Evaluating LLM Robustness in Mathematical Proof Autoformalization

The Autoformalization of Mathematical Proofs and the Role of LLMs

Mathematical proof autoformalization represents a promising frontier at the intersection of artificial intelligence and mathematics. The primary goal of this discipline is to translate an informal mathematical proof, expressed in natural language, into a formal proof understandable and verifiable by systems like Lean 4. In recent years, several research teams have developed models based on Large Language Models (LLMs) to tackle this complex task, aiming to bridge the gap between the flexibility of human language and the rigor of formal systems.

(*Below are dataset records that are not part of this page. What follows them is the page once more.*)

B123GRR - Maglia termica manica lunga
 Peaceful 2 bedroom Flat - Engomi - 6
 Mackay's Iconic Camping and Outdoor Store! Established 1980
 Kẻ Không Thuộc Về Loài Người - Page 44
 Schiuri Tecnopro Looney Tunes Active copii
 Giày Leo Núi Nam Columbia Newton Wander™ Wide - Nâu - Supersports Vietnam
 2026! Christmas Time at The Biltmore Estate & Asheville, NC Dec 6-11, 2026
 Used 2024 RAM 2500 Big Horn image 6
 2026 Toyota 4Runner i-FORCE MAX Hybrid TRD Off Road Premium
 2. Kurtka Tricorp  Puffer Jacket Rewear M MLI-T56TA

However, existing evaluations of these models have primarily focused on well-structured informal proofs, often drawn from curated and idealized datasets. This approach, while useful for demonstrating basic capabilities, has not thoroughly explored the resilience of models when faced with more realistic and less perfect scenarios. The question of robustness—the ability of a system to maintain its performance even in the presence of variations or imperfections in inputs—has largely remained unexplored.

A New Benchmark for Robustness: Global and Local Perturbations

To address this gap, a recent study proposes the first in-depth analysis of the robustness of proof autoformalization models. Researchers formulated two distinct categories of 'perturbations' to evaluate the stability and faithfulness of these systems. The first, termed 'global perturbation,' involves paraphrasing the informal proof in a different style while retaining its original meaning. In this scenario, a robust autoformalizer should produce a formalization that remains consistent with the initial mathematical intent, regardless of stylistic variations.

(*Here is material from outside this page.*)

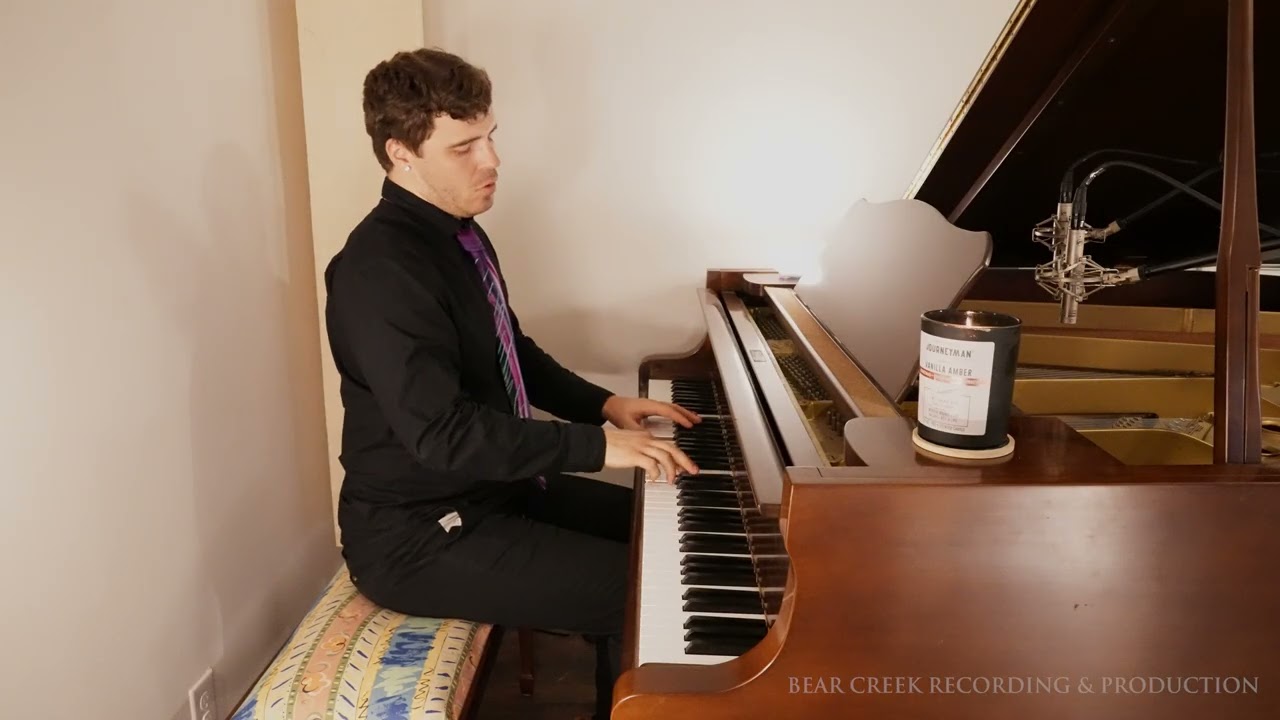 Promotional video thumbnail 2 for Ian McInroe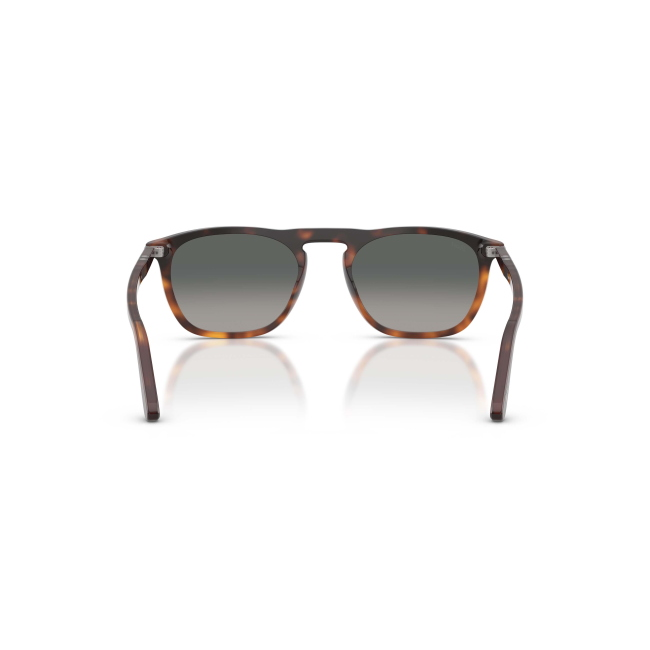 Persol PO 3391S GAE Col.1160/71 Cal.53 New Occhiali da Sole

The second category, 'local perturbation,' entails altering a specific value, symbol, or proof step, possibly in a counterfactual way. Here, robustness is demonstrated by the model's ability to faithfully reflect the modification in the formal output, rather than ignoring it, reverting to the original version, or autonomously inferring a different interpretation. To conduct this evaluation, a new benchmark was created by applying both types of perturbations to the miniF2F and MATH-500 datasets, automatically measuring the stability of correctness under global perturbations and the faithfulness of the output under local ones.

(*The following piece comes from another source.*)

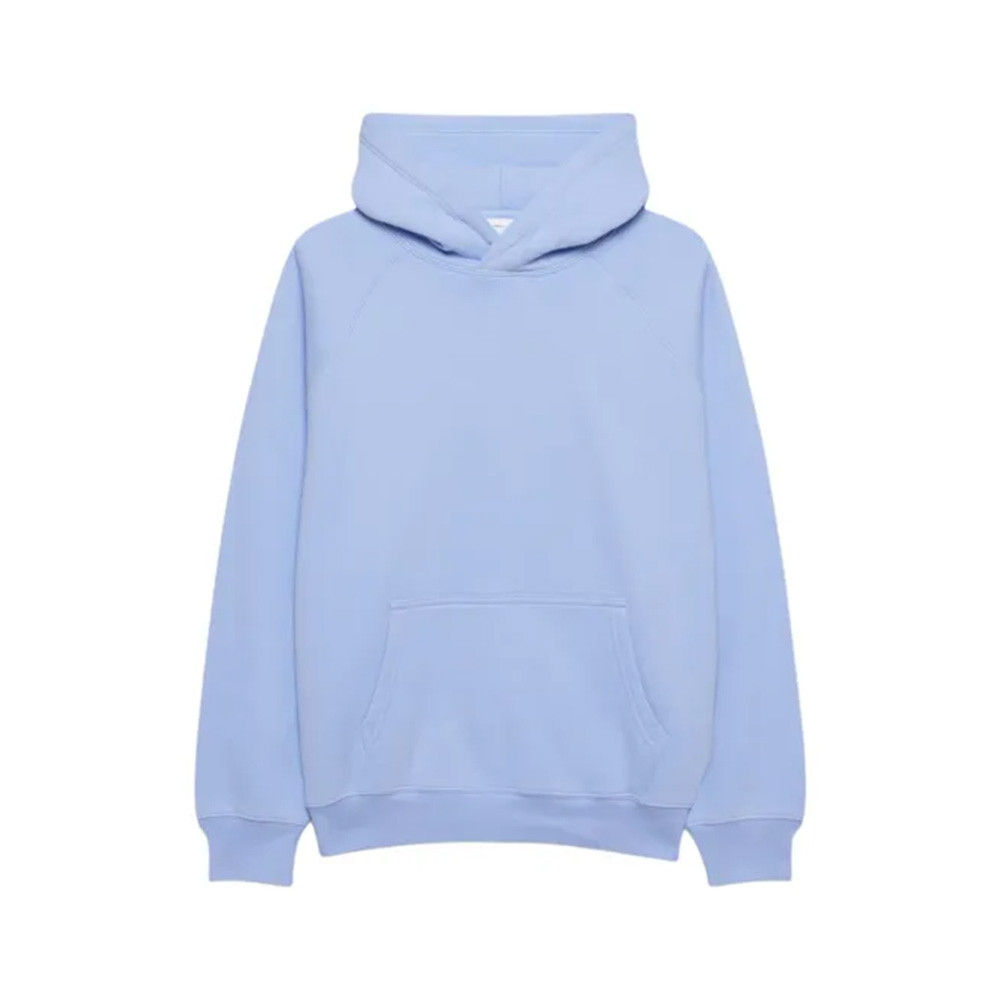 Aritzia Dayflower Blue Hoodie Top 10 Mother's Day Gift Ideas-1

Implications for Enterprise LLM Deployments

The study's findings, which involved seven recent models, are significant: all tested models proved sensitive to global perturbations and, in most cases, failed to remain faithful when faced with local perturbations. This discovery raises crucial questions for organizations considering the deployment of LLMs for critical tasks, especially in on-premise or air-gapped environments where data sovereignty and control are paramount.

For CTOs, DevOps leads, and infrastructure architects, the robustness of an LLM is not an academic detail but a decisive factor for operational reliability and security. A non-robust model can generate unpredictable or erroneous outputs, increasing operational risk and the Total Cost of Ownership (TCO) due to the need for intensive human oversight and additional validation processes. In contexts where precision is non-negotiable, such as formalizing smart contracts or verifying complex algorithms, a lack of robustness can compromise system integrity and trust in AI-driven tools. For those evaluating on-premise deployments, AI-RADAR offers analytical frameworks on /llm-onpremise to assess these trade-offs, emphasizing the importance of models that are not only performant but also reliable.

Future Prospects and Development of More Resilient Models

The results of this research highlight the need to develop more robust LLMs for proof autoformalization and, by extension, for other critical applications. The sensitivity to stylistic variations and the inability to faithfully reflect minor input changes suggest that current models may not yet be ready for widespread adoption in high-stakes scenarios without significant improvements. The availability of the benchmark code and data on GitHub (https://github.com/ucr-rai/robust-proof-autoformalization) provides the research community with a valuable tool to replicate experiments, explore new model architectures, and refine training techniques.

The path toward truly robust LLMs will likely require greater attention to training data diversity, the incorporation of more explicit reasoning mechanisms, and the development of fine-tuning techniques that prioritize consistency and faithfulness. Only through continuous commitment to research and development will it be possible to realize the full potential of LLM-based autoformalization, making it a reliable resource for the mathematical community and the most demanding enterprise applications.